Harrisburg, PA – Governor Tom Wolf made the following remarks Monday evening at a vigil in York honoring those affected by the Pittsburgh shooting. Here is a video of the remarks.

“I am so proud of all the York Countians that have gathered here tonight. I am so sad for the reason that has brought us together.

“Because, on Saturday morning in a quiet leafy neighborhood in Pittsburgh a hateful man entered a synagogue and brutally and methodically murdered 11 worshippers.

“These worshippers were murdered for no other reason than who they were, the religion they professed, and the God they worshipped.

“It was a despicable and cowardly act of anti-Semitism that has no place in our society. It was an act that was fundamentally at odds with who we are: who we are as Pennsylvanians, who we are as Americans, and who we are as human beings.

“So, tonight all of us here in York County mourn for the victims, we mourn for their families, we mourn for their friends, we mourn for their neighbors, we mourn for ourselves.

“We feel great sadness. We feel great shame as a result of what one human being did to innocent victims in that tragedy in Pittsburgh.

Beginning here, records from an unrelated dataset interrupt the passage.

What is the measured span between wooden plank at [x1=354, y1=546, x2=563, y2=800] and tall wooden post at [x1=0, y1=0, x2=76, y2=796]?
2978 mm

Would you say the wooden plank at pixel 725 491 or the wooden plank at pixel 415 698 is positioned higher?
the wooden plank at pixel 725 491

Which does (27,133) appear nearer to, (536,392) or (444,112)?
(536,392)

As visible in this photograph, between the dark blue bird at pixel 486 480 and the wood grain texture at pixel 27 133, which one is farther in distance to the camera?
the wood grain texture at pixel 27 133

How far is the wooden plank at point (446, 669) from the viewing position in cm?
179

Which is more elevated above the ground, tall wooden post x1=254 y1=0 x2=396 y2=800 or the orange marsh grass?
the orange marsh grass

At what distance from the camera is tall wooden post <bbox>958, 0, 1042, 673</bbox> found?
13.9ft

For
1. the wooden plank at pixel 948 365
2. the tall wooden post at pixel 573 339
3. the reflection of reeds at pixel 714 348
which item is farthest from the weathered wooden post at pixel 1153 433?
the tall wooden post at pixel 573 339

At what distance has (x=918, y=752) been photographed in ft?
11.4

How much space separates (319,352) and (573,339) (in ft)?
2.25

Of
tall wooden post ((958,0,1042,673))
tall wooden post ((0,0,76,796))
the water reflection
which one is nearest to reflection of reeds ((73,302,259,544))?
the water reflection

“Let us therefore resolve that this heinous act of bigotry will not define who we are, nor will it define how we treat each other.

“We must recognize our common humanity as we live our lives.

“We must celebrate that common humanity while we rejoice in the distinctions that enrich our lives, enrich our communities, enrich our families.

“The events in Pittsburgh remind us of the fragile nature of life. These events remind us that we have a responsibility to each other in guarding that fragile life.

“These events in Pittsburgh remind us how much we truly depend on each other.

“The first responders, for example, who rushed in to help the victims. The friends and neighbors who reached out to help, and to all of us who mourn. The people from all over the world who reached out to offer solace and comfort.

“But in the end, we must all face up to the ugly truth about what happened in Pittsburgh.

“The anti-Semitic attack in that synagogue was an attack on each and every one of us. It was an attack on our humanity, it was an attack on our values, it was an attack on who we think we are. It was an attack of our very being.

“So, let us use that hateful attack in Pittsburgh to reaffirm our deep and abiding commitment to the simple notion of respect, and let us resolve that the evil forces that propelled that attack have no place in our lives, in our families, in our communities, in our institutions, ever.”